2 minute read
How real-time can increase uptime data
Today in automation, predictive and preventive maintenance are constantly in the conversation. While the ideas may be clear, the implementation and advantages are not. Is this a fad that will fizzle out soon?
By Gerry Paci, Marketing Manager — Material Handling, Pepperl+Fuchs
FFor many years in the material handling industry, warehouse operators have strived to achieve minimal downtime and optimal operation. There are countless ideas and aspects for attaining this milestone within the warehouse.
In this era of intralogistics, the requisite for automation has become apparent. While some automate more than others, the necessity has proven clear. Managing automated equipment and potential downtime is crucial to production and intralogistics.
When a machine is down, the alarm will sound, reminding those on the floor that time and money are paramount. It is one thing to fix the issue quickly so that the process can continue, but understanding when this type of issue or downtime could occur again is the real prize. Moving from reactive to proactive maintenance in the warehouse can be the di erence between a streamlined process and a chaotic event within intralogistics.
The industry has learned over the years that regularly scheduling maintenance helps minimize problems with automation. A planned approach involving inspecting and repairing equipment to prevent failures has proved successful. Based on history, the warehouse maintenance team may understand that a motor controlling the conveyor needs to be inspected once per quarter for potential loosening due to vibration. This tactic helps extend the equipment’s lifespan and identify and address problems before they cause downtime. Nonetheless, if the maintenance team had access to the motor’s vibration velocity and temperature over time, they could predict when a failure could occur, streamlining their maintenance process.
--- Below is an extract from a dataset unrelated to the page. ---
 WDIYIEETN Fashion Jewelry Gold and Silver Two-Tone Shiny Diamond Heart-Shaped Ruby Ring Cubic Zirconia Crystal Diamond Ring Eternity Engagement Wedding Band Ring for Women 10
This information and data have become widely available from the software and sensor technology intertwined with the automation process. From a simple photoelectric sensor that detects whether an AS/RS shuttle has entered the proper level of the rack to a 2D LiDAR system looking down over a conveyor to understand the flow of parcels over time, real-time data is constantly surging into a PLC, IPC, or data collection tool within the warehouse. How this real-time data is used is one of the most interesting portions of the process.
As with any newer process or idea in a long-standing industry, challenges and speculation will arise. The transition from preventive to predictive maintenance is not free of these challenges. Where the data comes from, how to process it, and how much upfront implementation time it takes are all common questions during development.
In many cases, some of these questions can be answered using the data from the sensors already living in the warehouse. For example, it is becoming more difficult to walk into a warehouse without seeing the major use of automation, which requires sensors. To implement preventive maintenance, the data from an IO-Link capable sensor can be used as an analytical tool to understand when the machine could fail.
Vibration sensor data extends automation equipment’s lifespan and helps maintenance teams identify and address problems before they cause downtime.